> [Source data]:
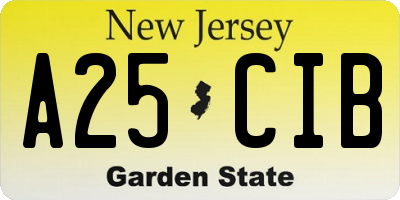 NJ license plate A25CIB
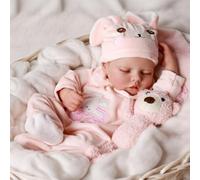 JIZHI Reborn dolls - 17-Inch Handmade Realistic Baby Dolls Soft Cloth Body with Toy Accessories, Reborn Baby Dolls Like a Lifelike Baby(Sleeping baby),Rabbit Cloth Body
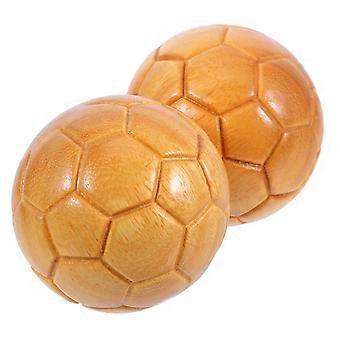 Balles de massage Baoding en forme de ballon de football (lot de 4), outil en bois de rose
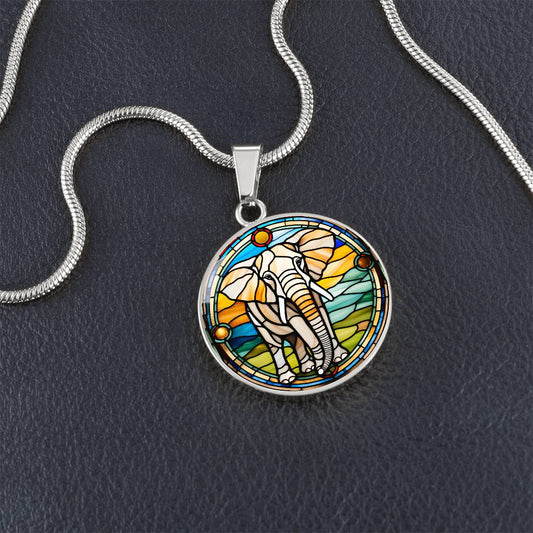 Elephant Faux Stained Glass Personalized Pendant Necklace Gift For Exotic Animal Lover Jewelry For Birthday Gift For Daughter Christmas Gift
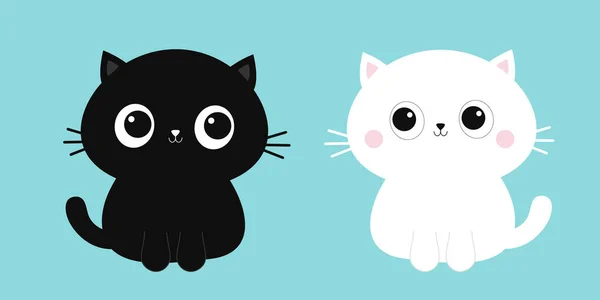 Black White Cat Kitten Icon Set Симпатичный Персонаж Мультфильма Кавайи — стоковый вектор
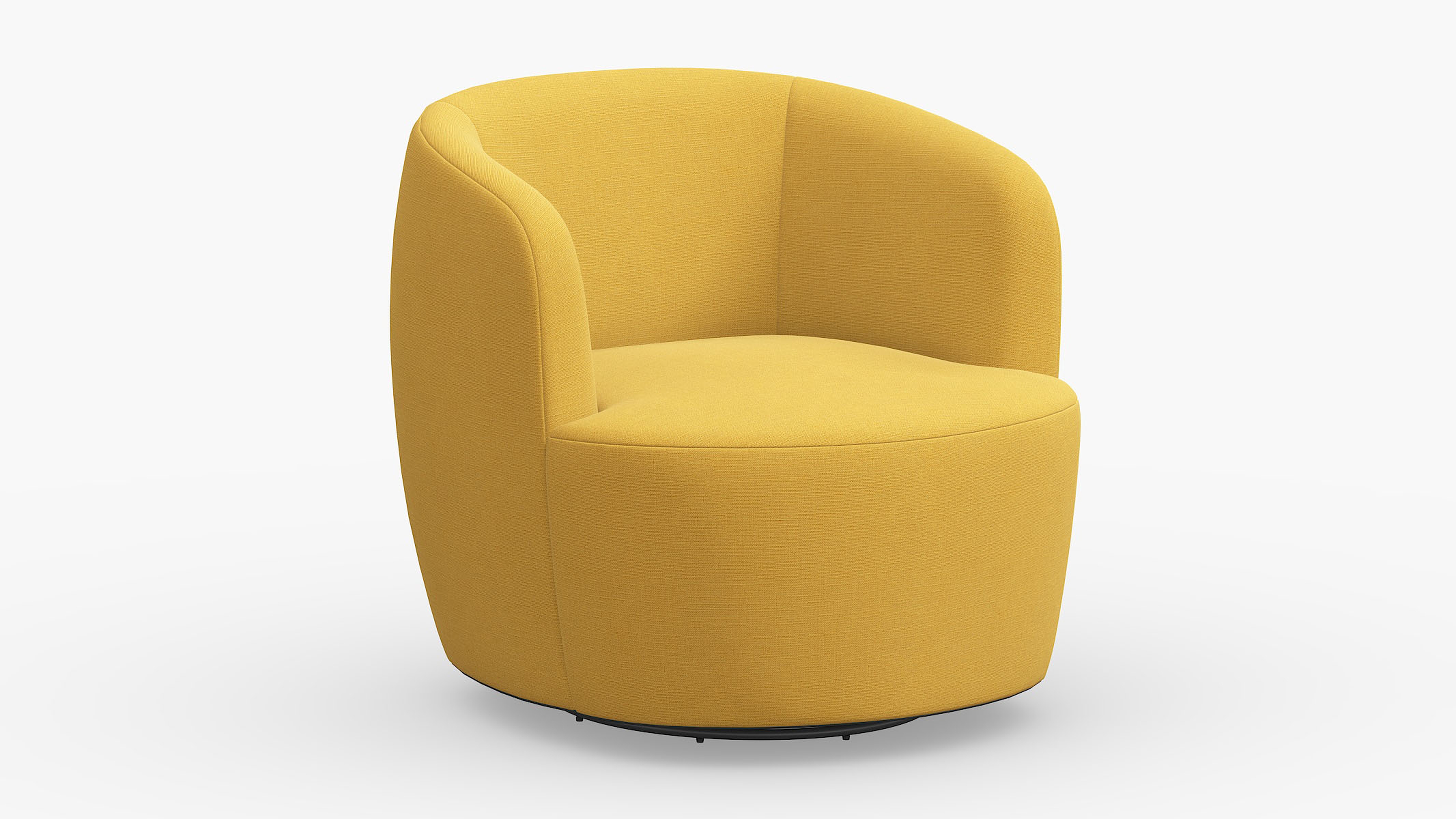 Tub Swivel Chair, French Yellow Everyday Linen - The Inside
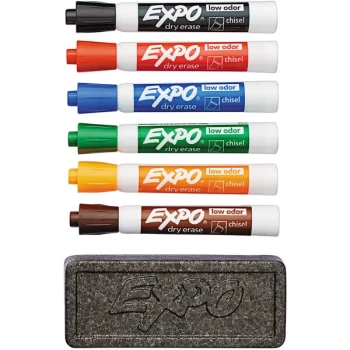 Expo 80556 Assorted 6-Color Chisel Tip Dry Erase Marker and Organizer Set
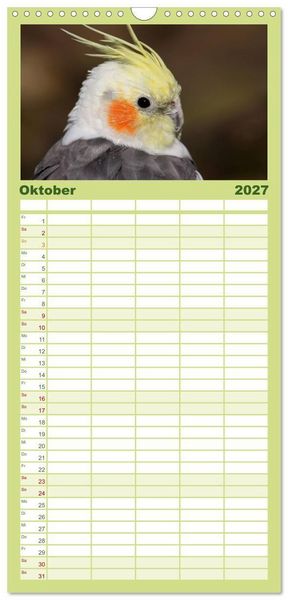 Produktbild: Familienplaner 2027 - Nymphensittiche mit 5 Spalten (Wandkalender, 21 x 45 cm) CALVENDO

> [Assignment]:
The span to retype runs from the line containing "Balles de massage" through the last line of the listing above, both ends included; copy it exactly, without pictures.

> [Task result]:
 Balles de massage Baoding en forme de ballon de football (lot de 4), outil en bois de rose
 Elephant Faux Stained Glass Personalized Pendant Necklace Gift For Exotic Animal Lover Jewelry For Birthday Gift For Daughter Christmas Gift
 Black White Cat Kitten Icon Set Симпатичный Персонаж Мультфильма Кавайи — стоковый вектор
 Tub Swivel Chair, French Yellow Everyday Linen - The Inside
 Expo 80556 Assorted 6-Color Chisel Tip Dry Erase Marker and Organizer Set
 Produktbild: Familienplaner 2027 - Nymphensittiche mit 5 Spalten (Wandkalender, 21 x 45 cm) CALVENDO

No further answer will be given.